The first was the large bronze cauldron which was so enchanted that no matter how many people sat down to eat around it, they would all be fed. The second was the mighty club the Daghda carried with him. Its enormous size meant that it had to be transported on wheels, and it took ten men to lift it. One end of the club killed the living with one blow, while the other end could revive the dead.

The Daghda also had a magical living harp, the Uaithne, called the Four-Angled Music, decorated in gold and jewels, on which he could play music to inspire any mood. It was his playing on this harp that made the seasons arrive in their proper order. This mystical instrument also played three types of music, the music of sorrow, the music of joy and the music of dreaming.

Stories of the Daghda are both plentiful and legendary! One such tale recounts how the Dagda had an affair with Boand, the wife of Elcmar. In order to hide their affair, the Daghda made the sun stand still for nine months and therefore their son, Aengus, was conceived and born in the same single day.

It was this same son Aengus who was to trick the Daghda out of his own home at Brú na Bóinne (Newgrange). Aengus had been away searching for a love he encountered in his dreams but returned to find that the lands of Daghda had been divided by his father among his children, leaving none for him. Needless to say Aengus took exception to this and hatched a plan to regain his birthright.

Aengus asked his father if he could be allowed to live at Bru for 'lá agus oiche', meaning 'day and night'. Daghda took it that his son intended to remain for a single day and a single night but such was the manner in which Aengus phrased his request, the request that was granted by the Daghda, that the 'day and night' represented the coninuous cycle of time, day after night, and thus Aengus took possession of Brú na Bóinne for all time.

The tale is recalled in 'Gods and Fighting Men', by Lady Gregory:

But however great a house the Dagda had,
Angus got it away from him in the end,
through the help of Manannan, son of Lir.
For Manannan bade him to ask his father for it for the length of a day and a night,
and that he by his art would take away his power of refusing.

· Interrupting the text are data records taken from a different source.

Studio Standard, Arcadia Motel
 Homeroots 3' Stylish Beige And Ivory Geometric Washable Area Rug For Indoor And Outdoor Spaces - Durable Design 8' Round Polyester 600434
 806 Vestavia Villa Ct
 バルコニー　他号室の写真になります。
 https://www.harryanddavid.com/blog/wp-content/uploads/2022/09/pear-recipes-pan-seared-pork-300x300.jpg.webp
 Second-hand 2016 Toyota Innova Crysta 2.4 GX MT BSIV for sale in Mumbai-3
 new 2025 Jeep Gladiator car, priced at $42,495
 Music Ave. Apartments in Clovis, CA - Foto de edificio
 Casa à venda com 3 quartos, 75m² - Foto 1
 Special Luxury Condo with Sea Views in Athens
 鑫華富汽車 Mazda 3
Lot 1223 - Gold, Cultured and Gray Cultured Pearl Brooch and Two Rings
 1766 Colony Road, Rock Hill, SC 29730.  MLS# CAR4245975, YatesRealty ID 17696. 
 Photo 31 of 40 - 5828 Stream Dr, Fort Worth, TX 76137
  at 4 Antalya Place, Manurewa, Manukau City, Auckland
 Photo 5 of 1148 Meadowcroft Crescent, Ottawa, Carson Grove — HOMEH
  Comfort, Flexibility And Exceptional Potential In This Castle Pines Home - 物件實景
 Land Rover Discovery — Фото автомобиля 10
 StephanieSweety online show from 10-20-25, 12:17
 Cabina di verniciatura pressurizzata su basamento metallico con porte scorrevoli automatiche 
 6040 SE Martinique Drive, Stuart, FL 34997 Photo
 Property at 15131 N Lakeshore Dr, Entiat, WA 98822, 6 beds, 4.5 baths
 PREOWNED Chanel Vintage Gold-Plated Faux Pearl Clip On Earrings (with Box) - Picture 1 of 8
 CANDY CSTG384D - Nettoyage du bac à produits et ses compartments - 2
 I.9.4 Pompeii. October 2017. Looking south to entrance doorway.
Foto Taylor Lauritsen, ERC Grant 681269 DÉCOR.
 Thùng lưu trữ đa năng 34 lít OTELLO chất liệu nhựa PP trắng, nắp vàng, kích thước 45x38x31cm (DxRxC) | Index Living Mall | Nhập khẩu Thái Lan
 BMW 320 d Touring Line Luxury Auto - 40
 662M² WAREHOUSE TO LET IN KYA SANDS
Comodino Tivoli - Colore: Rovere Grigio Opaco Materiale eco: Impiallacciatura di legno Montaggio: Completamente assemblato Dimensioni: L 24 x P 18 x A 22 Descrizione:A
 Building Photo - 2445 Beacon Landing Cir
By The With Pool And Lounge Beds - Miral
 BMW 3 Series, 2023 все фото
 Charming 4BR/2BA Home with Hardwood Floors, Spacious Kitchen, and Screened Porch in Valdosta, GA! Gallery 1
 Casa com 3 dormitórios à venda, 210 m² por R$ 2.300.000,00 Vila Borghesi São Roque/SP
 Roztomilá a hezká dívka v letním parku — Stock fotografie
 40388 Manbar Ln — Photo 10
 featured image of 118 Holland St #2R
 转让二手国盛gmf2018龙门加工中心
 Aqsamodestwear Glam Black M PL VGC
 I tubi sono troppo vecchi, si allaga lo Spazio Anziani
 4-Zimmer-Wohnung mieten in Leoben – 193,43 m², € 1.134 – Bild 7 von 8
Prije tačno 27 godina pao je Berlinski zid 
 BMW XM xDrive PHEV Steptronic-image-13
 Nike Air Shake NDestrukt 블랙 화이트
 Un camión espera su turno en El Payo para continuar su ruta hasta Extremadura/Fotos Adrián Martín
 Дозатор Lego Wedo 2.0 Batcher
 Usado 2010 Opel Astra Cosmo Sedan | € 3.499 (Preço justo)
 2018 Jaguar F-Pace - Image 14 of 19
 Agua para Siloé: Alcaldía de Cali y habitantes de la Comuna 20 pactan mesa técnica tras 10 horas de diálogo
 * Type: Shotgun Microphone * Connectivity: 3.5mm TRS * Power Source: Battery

So Angus asked for the Brugh, and his father gave it to him for a day and a night.
But when he asked it back again, it is what Angus said,
that it had been given to him for ever,
for the whole of life and time is made up of a day and a night,
one following after the other.

Perhaps it is fitting that the Daghda met his end by serving the Tuatha Dé Danann whom he commanded for eighty years. The Tuatha Dé Danann fought the Fomorions at 'The Battle of Magh Tuireadh' and it proved to be a crucial event. The Daghda employed all of his magical instruments in the battle and even made sure that the war Goddess, Morrigan, would be on their side by seducing her.

When Morrigan had earlier first seen the Daghda approaching, she stood with one foot on either side of a river to try and make sure he couldn't get at her, but she ended up being so pleased with his skills as a lover that she gave her favour to his side in the battle!

The Daghda then approached the Fomorians in an effort to delay them, seeking a truce. The Fomorians mocked him, filling a cauldron with porridge, gallons of milk, meat and fat and even pigs and goats. The mighty meal was boiled with the Daghda instructed to eat the volume entirety or else face death.

The Daghda was not to be outdone! He scooped up huge portions of the meal with his giant ladle, eating and eating to the amazement of the onlookers, finally finishing his task before collapsing into a deep sleep, with his huge bloated stomach as high as a tree!

Despite being victorious at the Battle of Magh Tuireadh, the Daghda succumbed to a wound inflicted by Cethlenn, the wife of Balor of the Fomorians.

The influence of the Daghda through the genealogies of Irish mythology is enormous. Apart from Aengus the Daghda was also the father of Bobh Dearg (grandfather of the Children of Lir), Cermait, Midir, Aine, and Brigid - marvelous and important characters all!

He is remembered as perhaps the most important of the Gaelic Gods with his influence reverberating through the mythological annals that were to follow.